Троица, самый оригинальный праздник. Весь дом украшался зеленью. Молодые веточки березы, калины на стенах, на полу явор-аир, росший вдоль реки тропическими зарослями. Впервые открывались окна, потому что от пряного аромата внутри дома кружилась голова. Дворы, ворота, скамеечки возле домов украшались березками. К этому времени уже подсыхала вся весенняя грязь, и по дорожкам можно было ходить в туфельках. Туфельки представляли собой дерматиновый ужас, но это уже не кирзовые сапоги. Но даже дерматиновый ужас берегли только для школы, а с самой ранней весны детвора предпочитала бегать босиком. Босые ноги с удовольствием месили первую грязь, закалялись, потом кожа грубела, и стопы превращались в настоящую подошву, которая могла выдержать к лету походы за колосками на сжатое поле ржи. Стерня колола неимоверно больно, но кто не баловал ноженьки мытьем, тот выдерживал и ее и  все остальное – ельники, скошенную осоку. Для Али же навсегда босоногость и боль стали синонимами. Но на праздник все выходили в обуви, девочки ещё и белые носочки.

Застолье на праздник обязательно было с гостями, приезжали родичи из других деревень, заходили сваты или друзья… Это происходило обычно к обеду. Аля помнит эти застолья, когда раздвигался стол, накрывался белой скатертью, ставилась посуда из сервиза, но стопки для вина уже деревенские. Первые тосты, тихий говор, и уже после третьей рюмки кто-нибудь предлагал спеть.   
- Михаил, запевай!
- Какую? – спрашивал дядя Миша.
- Давай «Бродягу», она у тебя хорошо получается.
- Пусть тогда поможет Михайловна, - просил дядя и начинал сначала тихо, как бы пробуя голос, запев, - «По диким степям Закавказья, где золото моют в горах, бродяга, судьбу проклиная, тащится с сумой на плечах…»
- «Бродяга, судьбу проклиная ...» - взрывался хор.

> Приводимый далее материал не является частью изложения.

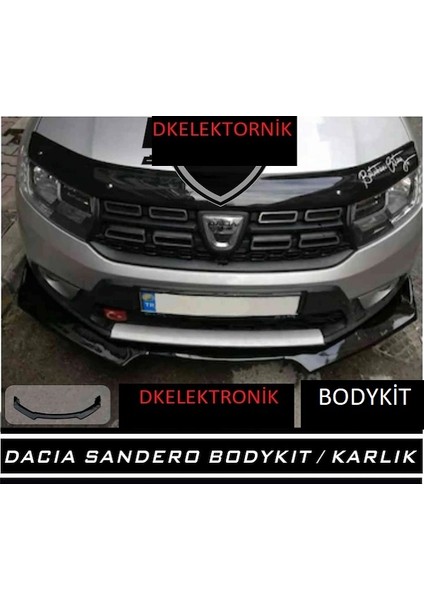 Dacia Sandero Ön Tampon Eki Body Kit Karlık Lip Siyah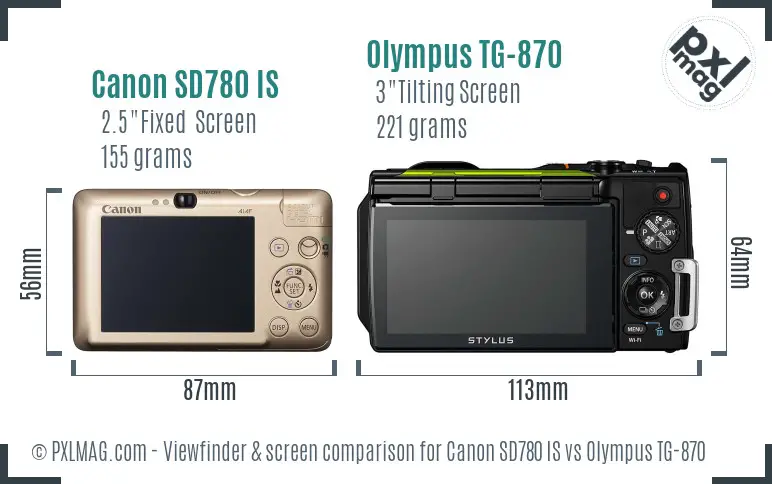 Canon SD780 IS vs Olympus TG-870 Screen and Viewfinder comparison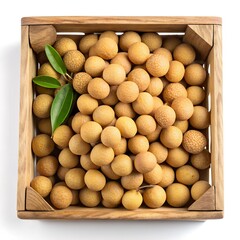 longan fruit in a box on white background top view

Аля пела вместе со всеми, и душа её скорбела по замёрзшему ямщику или летела  стрелой к возлюбленной на горячем коне. Эти застольные песни преображали лица поющих: глаза оживали, щеки покрывались румянцем, спины распрямлялись: - Эх, полным полна коробушка!
А уж если совсем расходились, то начинались пляски с выходом… Аля смеялась, добавляя, с выходом из-за печки – пространства для плясок не хватало. Тут уж перепляс сопровождался частушками, иногда такими залихватскими, только уши затыкай!

К вечеру все шли в клуб, где гармонист уже вырывал из инструмента развесёлые плясовые. Как узнать здесь тех замотанных в серые платки баб? Все – молодухи в цветастых шалях кружатся в танцах, и кажется, что они вот-вот еще поддадут жару, и лихая освободившаяся от тяжести душа оторвёт их от  земли и унесёт к звёздам.

Праздники, их ожидание, веселье и пиршество застолий, осталось навсегда в том далёком деревенском детстве. Больше никогда в последующей жизни они не приносили столько радости и счастья.